Dans leur approche, les physiciens se sont concentrés sur des assemblages simples et faciles à observer, formés de quelques atomes ou particules liés entre eux par des interactions attractives et étalés en une monocouche sur un substrat thermalisé. Ces assemblages appelés clusters bidimensionnels et leurs réarrangements spontanés dus à l’agitation thermique sont couramment observés dans de nombreux domaines de recherche : par exemple avec des atomes métalliques (taille de l’ordre du dixième de nanomètre), des nanoparticules (taille de quelques nanomètres à quelques dizaines de nanomètres comme les fullerènes), ou encore des colloïdes (de taille micrométrique comme les pollens). Une des originalités de l’étude repose sur le fait d’avoir croisé des domaines scientifiques a priori peu connectés. En effet, afin de trouver la stratégie optimale pour guider les nano-objets vers une forme arbitrairement choisie, les auteurs ont couplé la physique statistique hors équilibre à des outils de simulation numérique basés sur la programmation dynamique. Celle-ci, largement utilisée en ingénierie et en mathématiques appliquées, permet de résoudre des problèmes d’optimisation très variés, incluant par exemple la gestion de barrages dans les réseaux hydrologiques ou l’analyse des marchés financiers. Dans le cas présent, la programmation dynamique a permis aux chercheurs de réduire de plusieurs ordres de grandeur le temps moyen nécessaire pour atteindre une forme présélectionnée, particulièrement dans les cas d’intérêt quand la température est basse et le cluster suffisamment gros (typiquement une douzaine de particules).

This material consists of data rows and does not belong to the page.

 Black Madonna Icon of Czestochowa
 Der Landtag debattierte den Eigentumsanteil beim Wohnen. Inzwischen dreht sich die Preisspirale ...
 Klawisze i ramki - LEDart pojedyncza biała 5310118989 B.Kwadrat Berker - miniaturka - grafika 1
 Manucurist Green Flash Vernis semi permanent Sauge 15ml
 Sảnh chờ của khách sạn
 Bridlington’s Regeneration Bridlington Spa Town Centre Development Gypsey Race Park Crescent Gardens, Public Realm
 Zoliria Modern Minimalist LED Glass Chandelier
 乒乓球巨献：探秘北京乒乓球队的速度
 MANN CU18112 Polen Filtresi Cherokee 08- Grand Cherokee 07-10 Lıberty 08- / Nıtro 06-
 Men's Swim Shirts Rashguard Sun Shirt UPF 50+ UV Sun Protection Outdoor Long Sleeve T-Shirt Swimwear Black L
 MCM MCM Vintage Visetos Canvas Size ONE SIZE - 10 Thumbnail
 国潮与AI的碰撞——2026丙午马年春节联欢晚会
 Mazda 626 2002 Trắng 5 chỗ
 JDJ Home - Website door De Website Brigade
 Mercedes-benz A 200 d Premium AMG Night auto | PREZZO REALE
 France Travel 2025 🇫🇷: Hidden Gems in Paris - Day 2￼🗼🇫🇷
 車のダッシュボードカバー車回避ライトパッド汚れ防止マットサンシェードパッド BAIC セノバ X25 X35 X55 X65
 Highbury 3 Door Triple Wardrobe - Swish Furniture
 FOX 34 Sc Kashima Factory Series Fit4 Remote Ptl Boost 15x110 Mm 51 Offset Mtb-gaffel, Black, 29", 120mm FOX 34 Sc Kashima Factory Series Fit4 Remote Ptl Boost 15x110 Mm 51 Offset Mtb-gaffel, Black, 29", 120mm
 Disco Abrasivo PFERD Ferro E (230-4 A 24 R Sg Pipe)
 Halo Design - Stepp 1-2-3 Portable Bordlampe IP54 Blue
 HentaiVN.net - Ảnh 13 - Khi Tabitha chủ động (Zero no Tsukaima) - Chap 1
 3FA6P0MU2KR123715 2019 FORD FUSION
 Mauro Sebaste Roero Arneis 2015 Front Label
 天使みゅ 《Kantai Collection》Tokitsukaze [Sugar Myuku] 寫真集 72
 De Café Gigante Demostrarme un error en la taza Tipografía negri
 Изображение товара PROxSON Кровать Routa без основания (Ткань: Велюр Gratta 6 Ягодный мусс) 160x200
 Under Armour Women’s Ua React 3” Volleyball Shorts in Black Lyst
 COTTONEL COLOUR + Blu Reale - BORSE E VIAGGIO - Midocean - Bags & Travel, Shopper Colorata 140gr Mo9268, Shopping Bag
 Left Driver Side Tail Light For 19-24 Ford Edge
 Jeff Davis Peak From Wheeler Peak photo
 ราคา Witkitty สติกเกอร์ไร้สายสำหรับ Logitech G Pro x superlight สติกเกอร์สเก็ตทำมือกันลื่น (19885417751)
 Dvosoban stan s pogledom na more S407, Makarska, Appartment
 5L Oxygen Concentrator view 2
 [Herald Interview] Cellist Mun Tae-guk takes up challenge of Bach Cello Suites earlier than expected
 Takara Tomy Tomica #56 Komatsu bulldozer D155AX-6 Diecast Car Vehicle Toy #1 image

À l’heure où les nanotechnologies sont de plus en plus utilisées dans l’industrie, ces travaux pourraient aider à la conception d'objets de taille nanométrique, une échelle où manipuler la matière est délicat, et ouvrir ainsi la voie à des applications concrètes.
Référence
Controlling the shape of small clusters with and without macroscopic fields
F. Boccardo, O. Pierre-Louis, Phys. Rev. Lett., 128, 256102 – Publié le 22 June 2022.